For silver chloride, the solubility equilibrium looks like this
#"AgCl"_ ((s)) rightleftharpoons "Ag"_ ((aq))^(+) + "Cl"_ ((aq))^(-)#
By definition, the solubility product constant for this equilibrium is equal to
#K_("sp AgCl") = ["Ag"^(+)] * ["Cl"^(-)]#
In your case, you know that the solution contains
#["Cl"^(-)] = "0.05 M"#
This means that the minimum concentration of silver(I) cations that will cause the silver chloride to precipitate is equal to
#["Ag"^(+)]_ "min 1" = K_("sp AgCl")/(["Cl"^(-)])#
#["Ag"^(+)]_ "min 1" = (1 * 10^(-10) "M"^color(red)(cancel(color(black)(2))))/(0.05color(red)(cancel(color(black)("M")))) = 2 * 10^(-9) quad "M"#
Now, for silver iodide, the solubility equilibrium looks like this
#"AgI"_ ((s)) rightleftharpoons "Ag"_ ((aq))^(+) + "I"_ ((aq))^(-)#
This time, the solubility product constant is equal to
#K_("sp AgI") = ["Ag"^(+)] * ["I"^(-)]#
This means that the minimum concentration of silver(I) cations that will cause the silver iodide to precipitate is equal to
#["Ag"^(+)]_ "min 2" = K_("sp AgI")/(["I"^(-)])#
#["Ag"^(+)]_"min 2" = (4 * 10^(-16) "M"^color(red)(cancel(color(black)(2))))/(0.05 color(red)(cancel(color(black)("M")))) = 8 * 10^(-15) quad "M"#
Notice that you have
#["Ag"^(+)]_ "min 2" " << " ["Ag"^(+)]_"min 1"#
This tells you that as you start to add silver(I) cations to the solution, the silver iodide will precipitate first, consuming some of the iodide ions present in the solution in the process.

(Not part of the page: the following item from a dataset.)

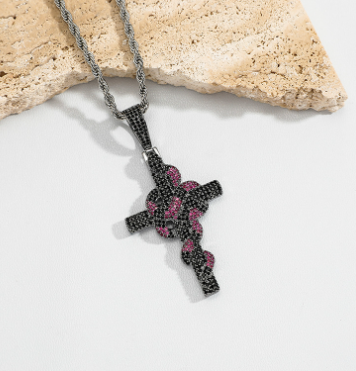 Snake Cross Pendant Necklace — Men's AAA Zircon Statement Piece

This tells you that when silver chloride precipitate, the solution will not contain
#["I"^(-)] = "0.05 M"#
because some of the iodide ions already precipitated as silver iodide. In order for the silver(I) cations to precipitate the silver chloride when
#["Cl"^(-)] = "0.05 M"#
you need a concentration of silver(I) cations equal to
#["Ag"^(+)]_ "min1" = 2 * 10^(-9) quad "M"#
present in the solution. This means that at that point, the corresponding concentration of iodide anions must be at a maximum--which corresponds to the solubility equilibrium condition--value of
#["I"^(-)] = K_("sp AgI")/(["Ag"^(+)]_ "min 1")#
#["I"^(-)] = (4 * 10^(-16) "M"^color(red)(cancel(color(black)(2))))/(2 * 10^(-9) color(red)(cancel(color(black)("M")))) = color(darkgreen)(ul(color(black)(2 * 10^(-7) quad "M")))#
The answer is rounded to one significant figure.